Shaw writes that it’s “obvious” the statement of Article 5, §1 “is not intended to contradict the earlier statement that priests don’t need permission to celebrate the Traditional Mass; rather, it is intended to govern the way that they go about doing so.”

Interestingly, Canon 392 also enjoins a bishop to “exercise vigilance so that abuses do not creep into ecclesiastical discipline, especially regarding the ministry of theword, the celebration of the sacraments and sacramentals, the worship of God and the veneration of the saints, and the administration of goods.”
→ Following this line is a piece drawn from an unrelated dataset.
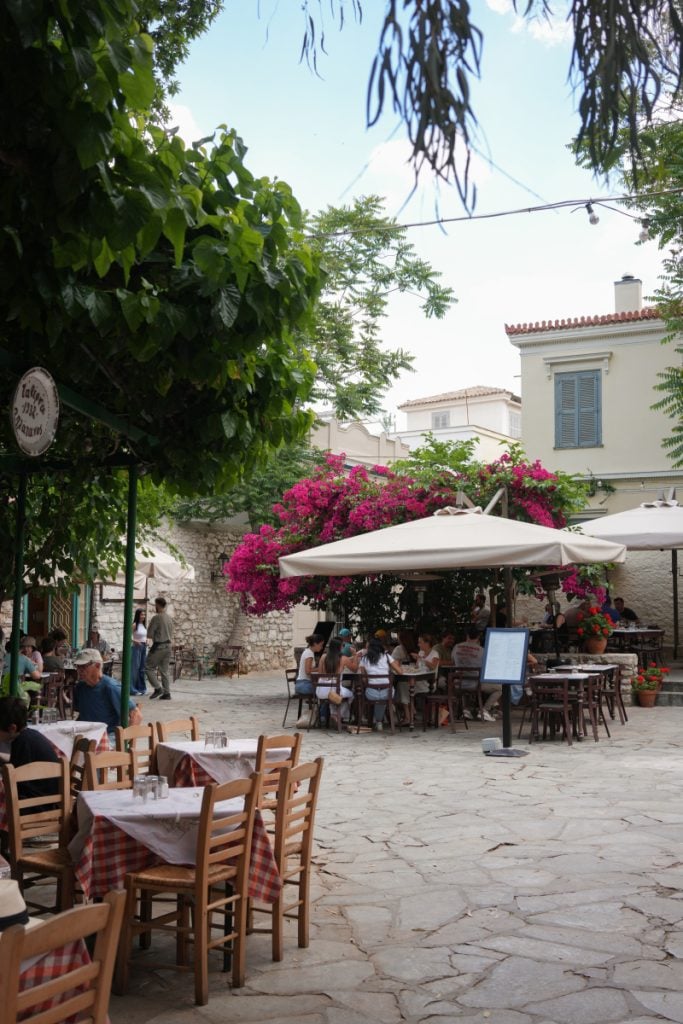 Bougainvillea-shaded restaurant courtyard in Plaka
“How do you ‘avoid discord’ by managing these traditionally inclined faithful Catholics (with their large families) when at the same time you allow every other parish to do just about anything they want without the slightest peep, even in the face of absurd innovations or liturgical abuses?” Fr. John Zuhldorf wrote in a blog post entitled “Trad lives matter!”
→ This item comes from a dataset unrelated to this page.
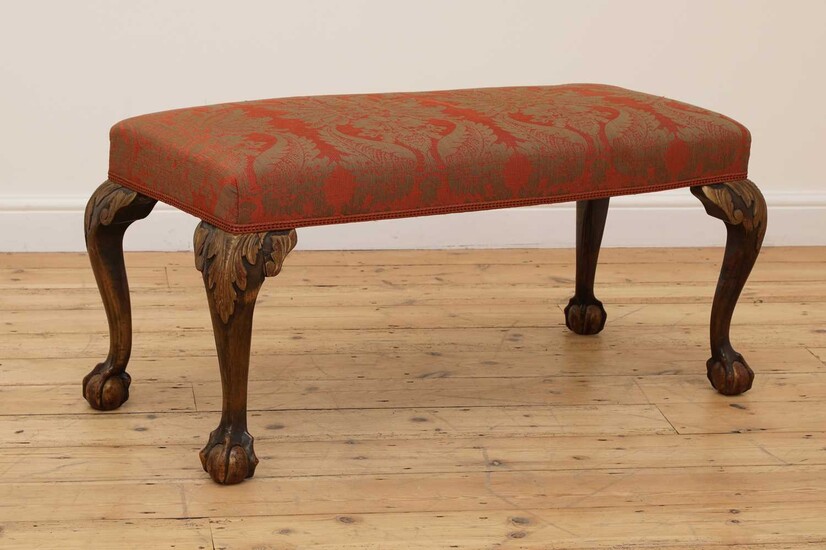 A George II-style walnut and parcel-gilt stool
He also charged Malloy with contradicting Summorum Pontificum.

“The Bishop of Rockford wrote ‘with due regard to Art. 2’ and then he completely ignored it and wrote something that precisely contradicted it. According to Art. 2, priests of that diocese – or any other diocese in the world for that matter – do not need his permission.”

“Granted, Art. 2 says ‘without the people,’ but the Bishop did not restrict himself to that,” Zuhlsdorf said.

Malloy appears to argue the Tridentine Mass is a danger to unity “merely from the fact that it is different from the Novus Ordo,” observed Shaw, adding that this also seems to be behind the ban to celebrate the Novus Ordo Mass “ad orientem.”

But that not only contradicts Summorum Pontificum but Vatican II, he contended.

The Vatican II document Sacrosanctum Concilium “declares that holy Mother Church holds all lawfully acknowledged rites to be of equal right and dignity; that she wishes to preserve them in the future and to foster them in every way(#4).”

It further declares: “Even in the liturgy, the Church has no wish to impose a rigid uniformity in matters which do not implicate the faith or the good of the whole community. (37)”

Ironically, Malloy’s argument “is also contrary to the whole tenor of the 1970 Missal,” Shaw said, “which, as has often been pointed out, is a Missal of options.”

LifeSiteNews contacted the Rockford diocese for comment but has not yet received a response.